I think its messed up to be friends with somebody of the opposite sex if you have ulterior motives especially if you aren't single. That's like your planning to cheat already. I know not all people are like that. I actually think that most people are just really friends. But I'm old fashion and I think there's something wrong if a guy hangs out with girls so often. And I also think some people are too nice for their own good and they are hurting other people by trying to be too nice to somebody else. I know, cuz I can be like that sometimes too.


----------



## millenniumman75 (Feb 4, 2005)

I would be in trouble then because I do talk to women, and not in anything more than friendship. Each guy would be different, though. If something were to become a problem, you'd know. It would become obvious. Just monitor the situation and see what happens.


----------



## Noca (Jun 24, 2005)

some guys got friends that are girls, some that are guys, cant blame him unless he does something wrong.


----------



## LoneLioness (Nov 16, 2003)

If he's spending more time with them then you and you're not ok with it, then thats emotional cheating. I'd recommend telling him how you feel and that you want more alone time with him. If things don't change in a week you should probably dump him, you deserve someone who won't put their friends before you.


----------



## UltraShy (Nov 8, 2003)

LoneLioness said:


> If he's spending more time with them then you and you're not ok with it, then thats emotional cheating. I'd recommend telling him how you feel and that you want more alone time with him. If things don't change in a week you should probably dump him, you deserve someone who won't put their friends before you.

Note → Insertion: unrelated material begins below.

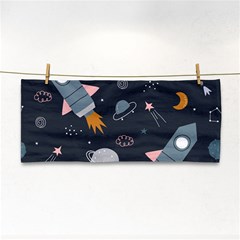 Space Background Illustration With Stars And Rocket Seamless Vector Pattern Hand Towel by uniart180623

That sounds rather biased. If a man has female friends that automatically becomes "emotional cheating" is he spends what somebody deems excessive time with these female friends? This whole thing is premised on the idea that a heterosexual man can't possibly have female friends without having sex with them.

What would the women here say if their BF asked them to give up all their male friends (except for the gays ones) as they pose a sexual threat to a jealous BF? The jealous BF could also demand that she get rid of any bi or lesbian friends as they too might become more than just friends. Would women willingly dump friends upon the request (or rather demand of a BF) or would they tell their BF that he's making ridiculous demands?


----------



## LoneLioness (Nov 16, 2003)

UltraShy said:


> LoneLioness said:
> 
> 
> > If he's spending more time with them then you and you're not ok with it, then thats emotional cheating. I'd recommend telling him how you feel and that you want more alone time with him. If things don't change in a week you should probably dump him, you deserve someone who won't put their friends before you.
> ...


No, only if he spends more time with them then with her. He's turning to them for his happiness and companionship over her and thats the part I'd consider emotional cheating, especially if he's spending 1-1 time with these girls. With his actions he's basically saying to her these female friends of his are more important to him then she is.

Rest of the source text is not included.